William Klein
[Photographer, b. 1928, New York, lives in Paris.]
Sometimes, I’d take shots without aiming, just to see what happened. I’d rush into crowds—bang! bang! ... It must be close to what a fighter feels after jabbing and circling and getting hit, when suddenly there’s an opening, and bang! Right on the button. It’s a fantastic feeling.
James Nachtwey
[Photographer, b. 1948, Syracuse, New York, lives in New York.]
When I approach people, I do it with respect, with deference; I do it slowly and gently and I think about the way I move, the way I speak and the way I use the camera. I let them know that I respect them and what they’re going through.

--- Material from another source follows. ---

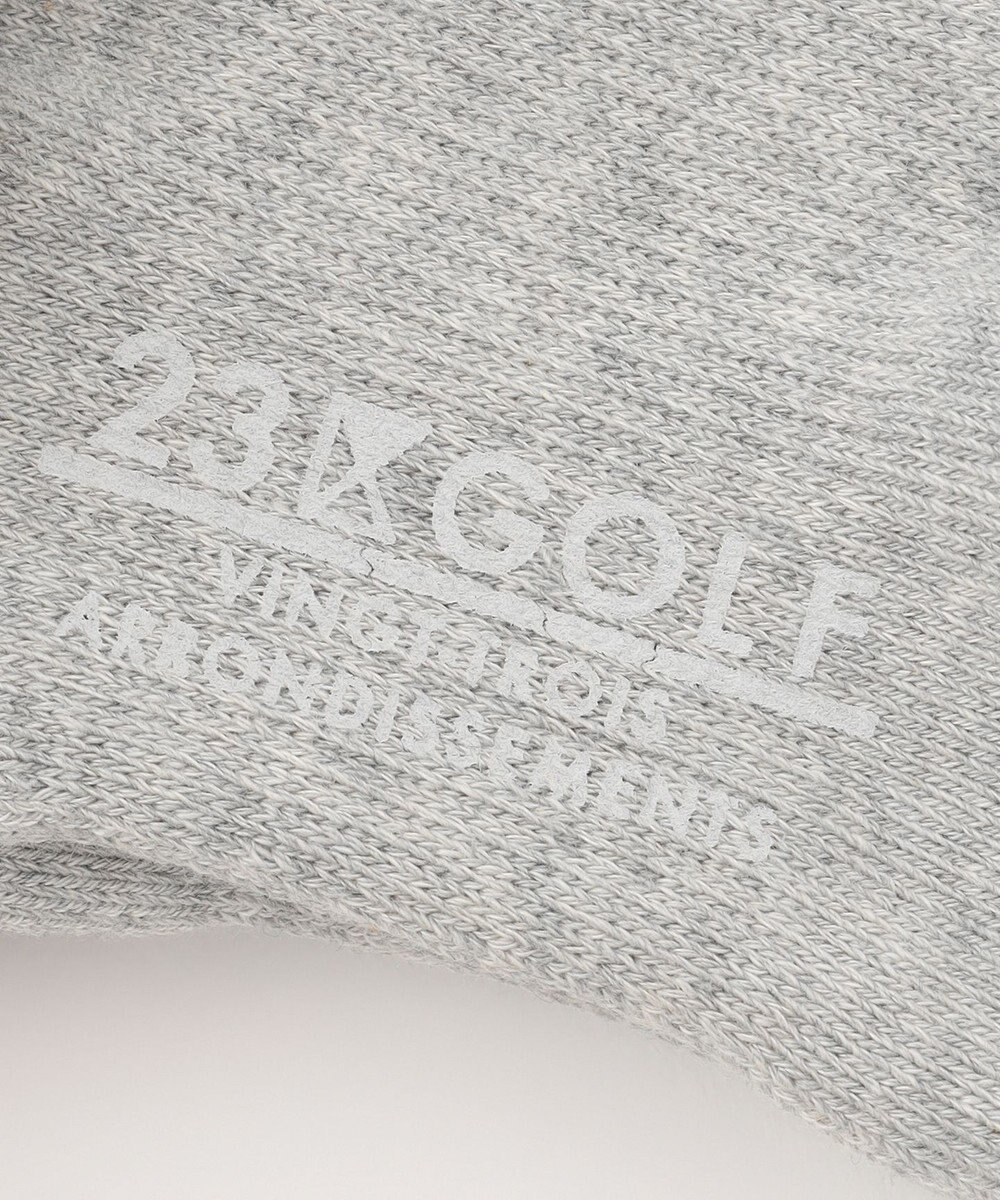 23区GOLF 【WOMEN】アーガイルライン ハイソックス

Princess Anne Mountbatten-Windsor
[British royalty, b. 1950, London, lives in London.]
You are a pest by the very nature of that camera in your hand.
(To a photographer)
Martin Parr
[Photographer, b. 1952, Epson, Surrey, England, lives in Bristol and London, England.]
... I accept that all photography is voyeuristic and exploitative, and obviously I live with my own guilt and conscience. It’s part of the test and I don’t have a problem with it.
Donna Ferrato
[Photographer, b. 1949, Waltham, Massachusetts, lives in New York.]

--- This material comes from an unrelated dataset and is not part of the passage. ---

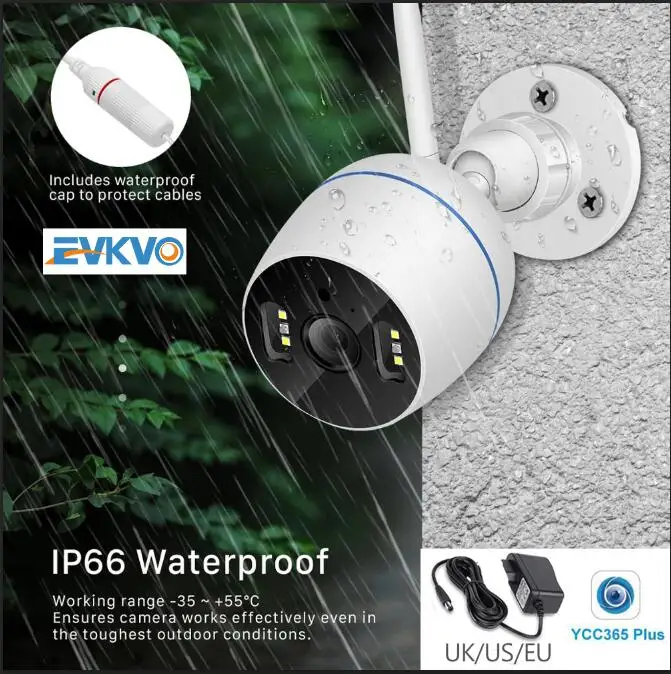 EVKVO IR Light Lamp IP Camera CCTV Wifi HD 1080P Video Surveillance Outdoor Waterproof Two Way Audio Security Onvif NVR Wireless
EVKVO IR Light Lamp IP Camera CCTV Wifi HD 1080P Video Surveillance Outdoor Waterproof Two Way Audio Security Onvif NVR Wireless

Not for me the uninvolved wanderer with a camera—some invisible alien, coldly holding a tin box without a heart. My camera has feelings.
William Klein
[Photographer, b. 1928, New York, lives in Paris.]
I was very consciously trying to do the opposite of what Cartier-Bresson was doing. He did pictures without intervening. He was like the invisible camera. I wanted to be visible in the biggest way possible. (On his photography in the early 1950s)
Wright Morris
[Writer and photographer, b. 1910, Central City, Nebraska, d. 1998, Mill Valley, California.]

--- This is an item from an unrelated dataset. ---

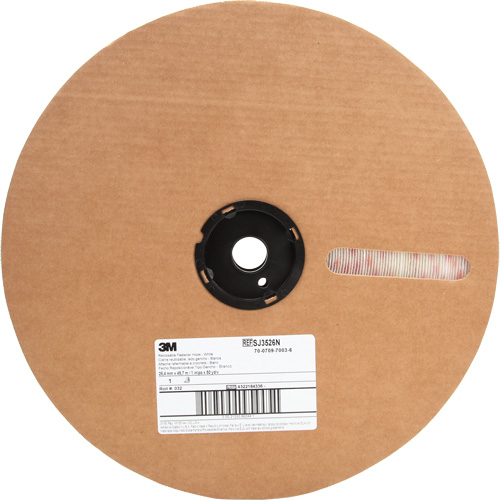 Fastener, Loop, 50 yds x 5/8", Adhesive, White D. Morneault & Fils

The vast number of photographers, feeding on anything visible, overgraze the landscape the way cattle overgraze their pasture.
Juergen Teller
[Photographer, b. 1964, Erlangen, Germany, lives in London.]
I don’t like taking a sly picture on the side. I like the direct approach. I want to be as honest to myself and the subject as possible. And I’m depending on their humanness to come through.